Wer nun beispielsweise gemäß den öffentlichen Bekundungen von Klaus Schwab und dem Weltwirtschaftsforum (WEF) annimmt, dass letzteres eine neue Weltordnung schaffen will, die mit Einschränkungen der bürgerlichen Freiheiten verbunden wäre, wird in der Umfrage womöglich dem entsprechenden Punkt zustimmen, obwohl er gar nicht annimmt, dass diese Pläne geheim und damit verschwörerisch im oben genannten Sinne sind. Denn die Formulierung des Punkts lautet: „Der ‘Great Reset’ … ist eine Verschwörung, um eine totalitäre Weltregierung zu erzwingen.“ Es gibt keine Möglichkeit, dem zweiten Teil der Aussage zuzustimmen, ohne auch dem ersten zuzustimmen.
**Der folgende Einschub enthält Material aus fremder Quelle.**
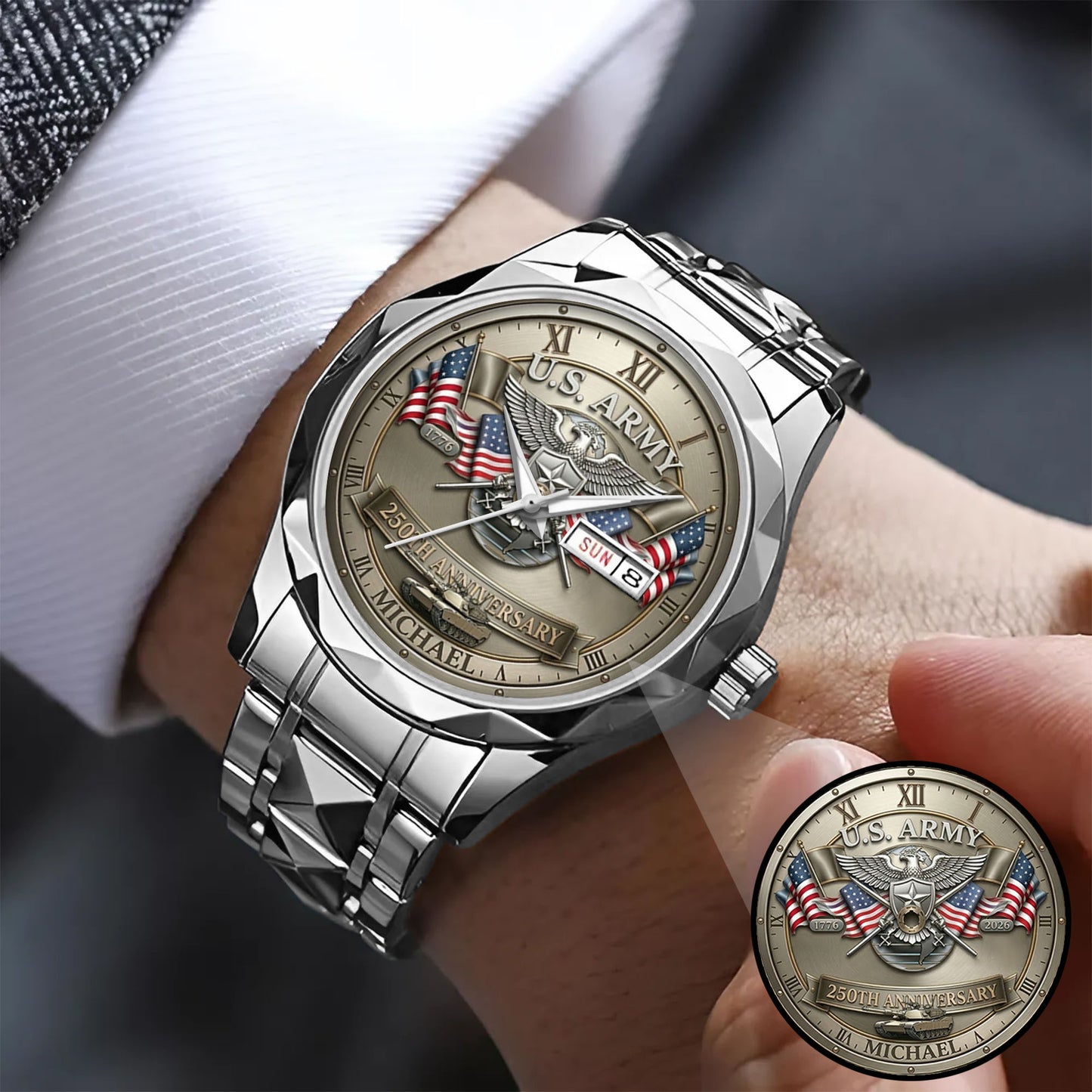 USA 250th Anniversary U.S. Army - Custom Name Watch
In der Präsentation wird offen über inhaltliche Wahrheit entschieden. So werden die Bürger implizit dafür gelobt, Klimawandel und Impfungen „richtig“ einzuschätzen. Die Überschrift zu dem entsprechenden Ergebnis lautet: „Dennoch anerkennt die Mehrheit die wichtigen Realitäten des Klimawandels und der Pandemie.“ Das King’s College urteilt hier nicht nur über die Wirklichkeit, sondern auch noch über die Wichtigkeit bestimmer Aspekte derselben. Es hätte auch gleich schreiben können, die Mehrheit der Bürger sei insgesamt brav und bleibe bei den großen Themen auf Linie.
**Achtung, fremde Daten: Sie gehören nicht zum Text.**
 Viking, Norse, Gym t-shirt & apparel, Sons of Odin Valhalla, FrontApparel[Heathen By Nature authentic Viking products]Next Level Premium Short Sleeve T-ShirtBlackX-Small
Neutral lässt sich der Umfrage nur entnehmen, dass ein gewisser Anteil der Bevölkerung sich aufgrund von Misstrauen bei alternativen Medien informiert und nicht mit den regierungskonformen Narrativen übereinstimmt. Das King’s College bietet die Resultate der Presse jedoch in einer mundgerecht „geframten“ Form an, die auf identische Weise medial verbreitet werden. Damit festigt es jene Narrative. Der Verdacht, dass es mit wissenschaftlicher Autorität eine Rechtfertigung schaffen will, Regierungskritiker zu delegitmieren und alternative Medien zu zensieren, würde in diesem Rahmen ebenfalls als „Verschwörungstheorie“ gelten. Ein perfekter Zirkel.